10. Eliminação do Egoísmo
Extirpar qualquer tendência egocêntrica e egolátrica.
‘O ego é o inferno’, repetem incessantemente os místicos cristãos, hindus,
muçulmanos e budistas. O caminho da liberdade passa pela submissão e
aniquilação do ego. É o caminho da abnegação e do abatimento (o self-naughting da mística inglesa). Ser
nada para ser tudo. Temos de viver num estado de completa submissão à Vontade
divina, oferecendo a Deus tudo quando façamos ou possuamos e aceitando tudo que
ele nos envie. A vontade própria deve eliminar-se para dar prioridade à Vontade
de Deus. Na vida quotidiana há que manter uma postura de desconfiança e
distância em relação ao próprio eu: a tudo o que dele surja (emoções, opiniões,
juízos, apetências, preocupações, dúvidas, temores). O nosso pior inimigo está
dentro de nós: é o nosso ego, o nosso eu. Dele provém todos os nossos
problemas. Este é o adversário que temos de vencer se queremos que desperte e
se afirme a nossa realidade espiritual.
Desprender-se da noção do ‘eu e do meu’, que
frequentemente condiciona a nossa atuação e o nosso pensamento ao longo do dia.
Procurar viver num estado de anonimato, como se não fôssemos nada nem ninguém.
Como passo prévio, já que este nível de anulação total do ego é sumamente
difícil, convirá que o ego adote uma atitude serviçal, colocando-o ao serviço
da Verdade e fazendo que se considere servidor de Deus e do próximo, com o qual
se irá depurando até que chegue a esfumar-se quase por completo. Para
libertarmo-nos do egoísmo dispomos de um antídoto duplo: a humildade e a
generosidade.
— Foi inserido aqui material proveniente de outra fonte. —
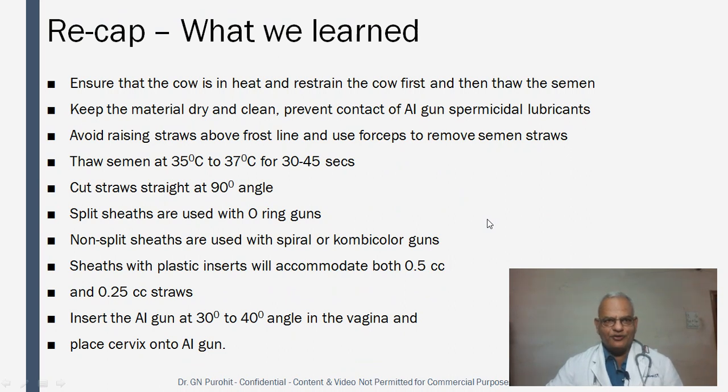To recapitulate: ensure the cow is in heat and restrain her before thawing the semen. Keep all materials dry and clean. Prevent contact of the AI gun with spermicidal lubricants. Avoid raising straws above the frost line; use forceps to remove them. Thaw semen at 35 to 37 degrees centigrade for 30 to 45 seconds. Cut straws straight at a 90-degree angle. Split sheaths are used with O-ring guns; non-split sheaths are used with spiral or combicolor guns. Sheaths with plastic inserts accommodate both 0.5 cc and 0.25 cc straws. Insert the gun at a 30 to 40-degree angle in the vagina and place the cervix onto the AI gun.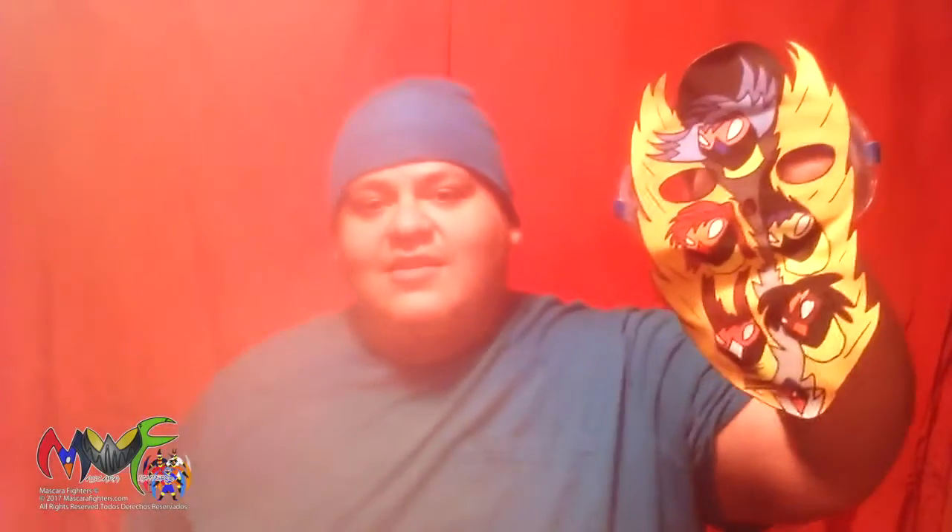Espero que les guste. La próxima máscara es de todos los Mascara Fighters, como pueden ver. This is a five Mascara Fighters mask — all of them with energy waves there in the middle. I think it's a cool design, hope you guys like it.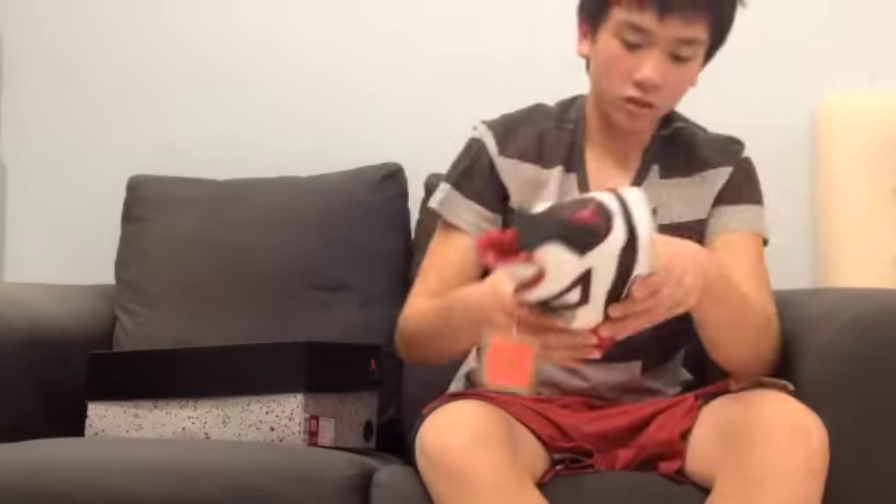Moving on to the outsole. Your outsole has kind of a grey back — a very light grey. You have a white middle, your Jumpman, and also your stars right up there. And on your heel you have a black heel tab and also your red Jordan Jumpman.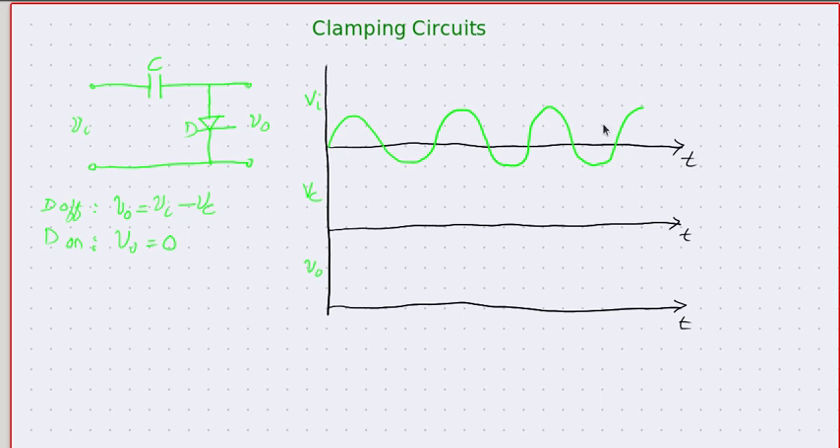Now let us see what happens if we apply a sinusoidal input to this circuit. We begin our journey with an uncharged capacitor, so at t equal to zero the voltage across the capacitor is zero. The diode resistance is almost negligible when it is conducting and almost infinite when it is off. The capacitor voltage and output voltage are both assumed to be zero before we start.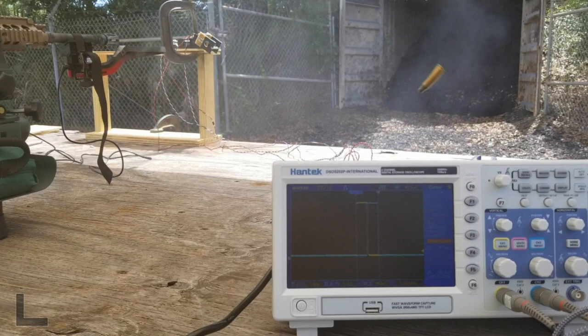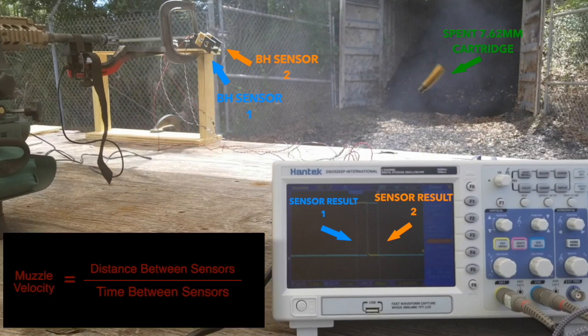We froze the shot mid-frame in order to explain how we make the measurement. The bullet's passage through sensor 1 is shown as the left-hand square wave on the oscilloscope, while the passage of the bullet through sensor 2 is shown as the right-hand square wave on the oscilloscope. In such a manner we can go ahead and calculate the muzzle velocity.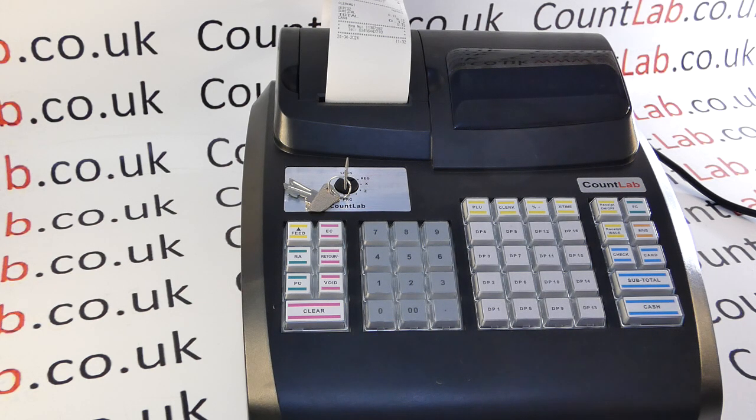If this is not the case, we carry all the spare parts for these machines so you can replace the keyboard. We have a video — CLX 104 — which if you search for on the Countlab website, will show you how to replace the keyboard.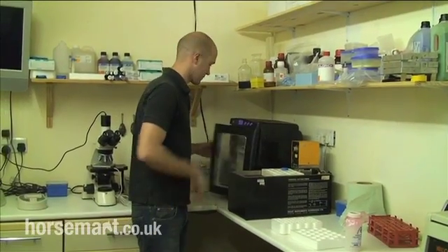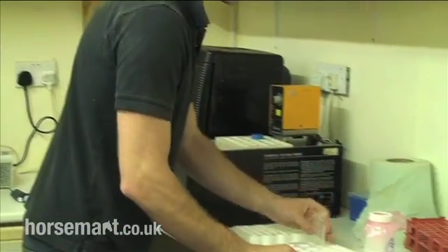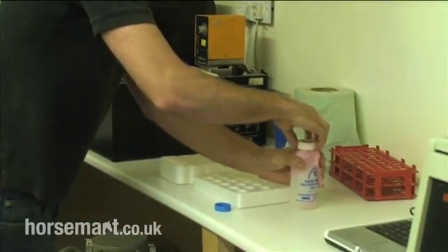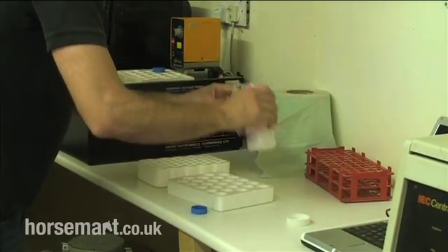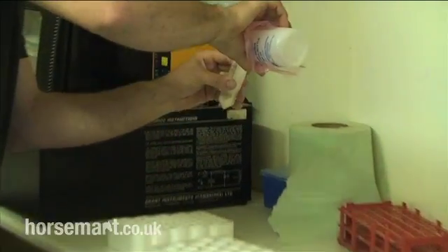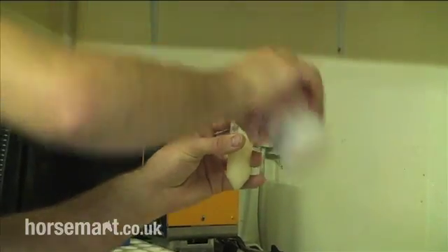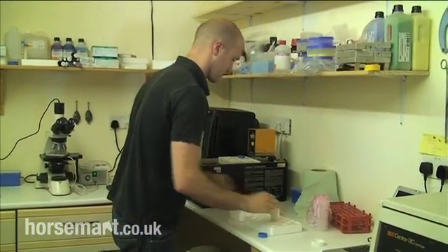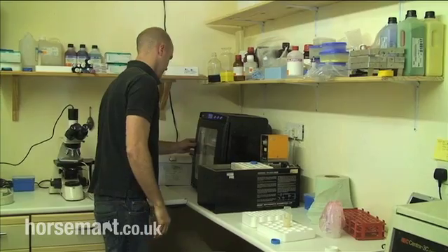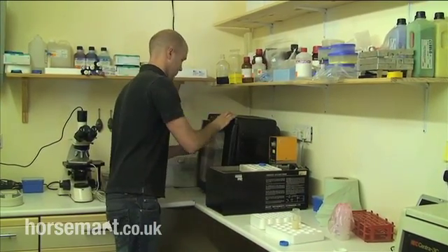Semen when it comes into the lab has to be counted. You have to count how many sperm are actually in the ejaculate — the concentration. You determine the volume, which is what Jamie is about to do now. He's got a 50 ml centrifuge tube. He's pouring the semen into it, and in a moment he'll hold it up to determine the approximate volume. He'll multiply that by the volume to determine the total number of sperm in the ejaculate. It looks like a reasonably concentrated sample.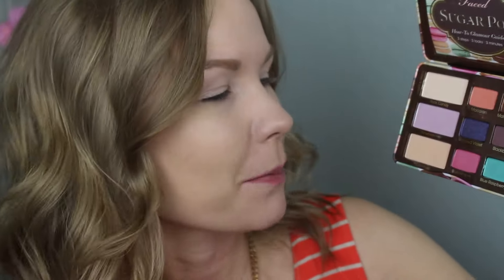Now I take my Sugar Pop palette — I'm going to get some Peach Fuzz and mix that with a little bit of Macaroon on a Coastal Scents BRC-N08 brush, which is some kind of crease brush. I'm going to apply this into my crease and transition area and really blur and blend this line out.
A humildade faz-nos reconhecer que somos algo muito pequeno, que
estamos cheios de debilidades e limitações, que somos falíveis e corruptíveis,
e que lhe devemos tudo quanto temos. A generosidade leva-nos a reconhecer a
valia e a grandeza fora de nós, a admirar o que nos supera e a ela nos
subordinar, a entregarmo-nos ao grande e ao nobre, a dar com liberalidade (preferindo
dar a receber) e a pensar nos demais antes de nós. Operando conjuntamente, a
humildade e a generosidade impulsionam-nos a buscar por cima de tudo o bem, a
verdade e a beleza, ao mesmo tempo que permitem que nos submetamos com facilidade
e sem problemas ao que por natureza estamos submetidos.
11. Acão Pura e Desinteressada, Realizada com
Sentido Sacrificial
Fazer aquilo que deve ser feito sem preocupar-se
com as consequências que podem acarretar para a nossa pessoa. Cumprir o dever
respetivo, com independência do gosto ou desgosto que nos proporciona a tarefa
a realizar e sem consideração pelo êxito ou fracasso, aos bons ou aos maus
resultados que se podem conseguir, ao aplauso ou à crítica com que sejam
acolhidos o nosso proceder ou obra realizada. Na hora de empreender uma
atividade, não tomar em conta as perspetivas de triunfo ou derrota, de ganho ou
perda, de prémio ou castigo, tão só a retitude e a conveniência da ação a
realizar. É o ideal do Karma Yoga da
tradição hindu: a ação desvinculada dos frutos, efetuada com total
desprendimento e oferecendo-a a Deus, sabendo que ele é o verdadeiro
Realizador, que nós somos apenas seus instrumentos.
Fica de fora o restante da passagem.